All lines at and after the one containing "Scrivania in Legno Massello Design Unico", up to the end of the listing below, are to be printed exactly, with the pictures omitted.

§ Information supplied
Content starts
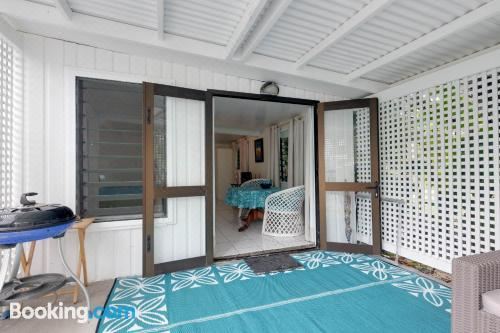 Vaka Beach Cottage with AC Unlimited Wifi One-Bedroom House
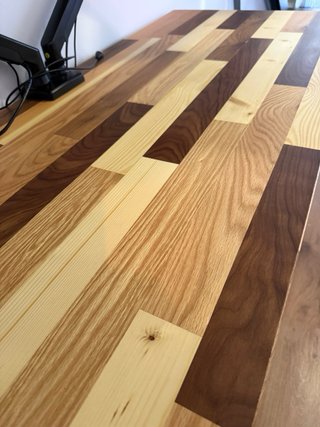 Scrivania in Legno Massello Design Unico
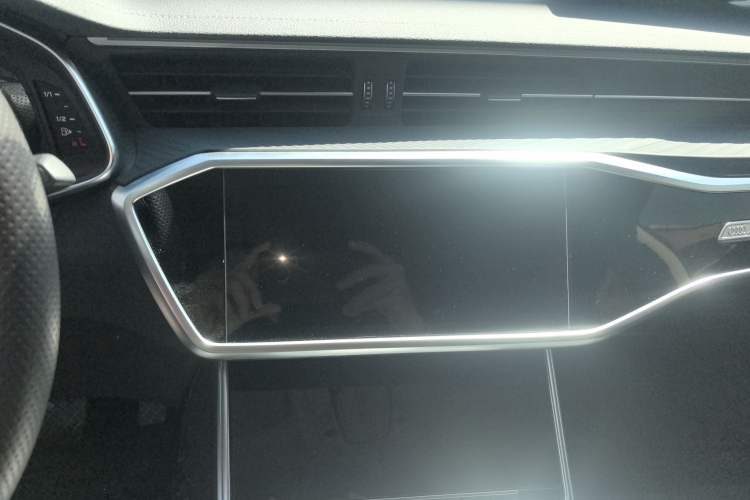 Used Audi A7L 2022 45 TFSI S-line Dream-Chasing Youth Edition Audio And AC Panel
Content ends
§ Your response
 Scrivania in Legno Massello Design Unico
 Used Audi A7L 2022 45 TFSI S-line Dream-Chasing Youth Edition Audio And AC Panel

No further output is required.